It has been already said that the plaintiff’s claim rests on the fact of the defendant being unjustly enriched at the plaintiff’s expense.

To make out that the enrichment has been at his expense the plaintiff must show a failure of consideration. It can be properly said that the equity in plaintiff’s favor is a failure of consideration rather than mistake, and that in this particular class of cases he establishes his equity, namely, failure of consideration, by showing that he parted with the money without receiving a certain equivalent because of a mistake.

The decision in Taylor v. Hare[2] is an extreme illustration of this position.
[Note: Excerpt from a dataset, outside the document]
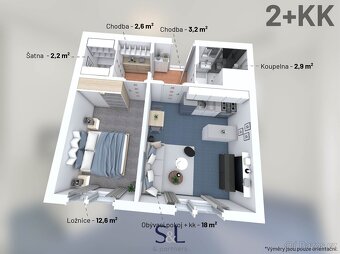 Pronájem bytu 2+KK v České Lípě, ulice Pražská, ev.č. 01135 - 8
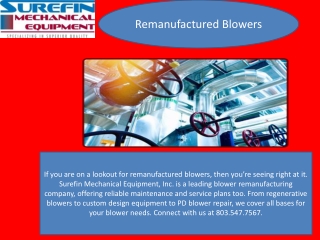 Surefinblowers.com - Remanufactured Blowers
In that case the plaintiff sought to recover certain royalties paid to the defendant under a contract by which the defendant agreed to permit the plaintiff to use a certain apparatus, of which they both thought the defendant was the inventor, and for the invention of which the defendant held letters-patent. It was afterwards discovered that the invention was not patentable; but the Court held that the plaintiff could not recover, notwithstanding the fact that the plaintiff laboring under this mistake paid during its user by him a royalty on an apparatus to which he had the same right as defendant, and that the contract was made by him solely in consequence of this mutual mistake. The Court said, although there had been a mutual mistake as to a material point, there was not a failure of consideration. Perhaps the following statement from the opinion delivered by Chambré fairly states the position of the Court: “The plaintiff has had the enjoyment of what he stipulated for, and in this action the Court ought not to interfere unless there be something ex æquo et bono which shows that the defendant ought to refund.”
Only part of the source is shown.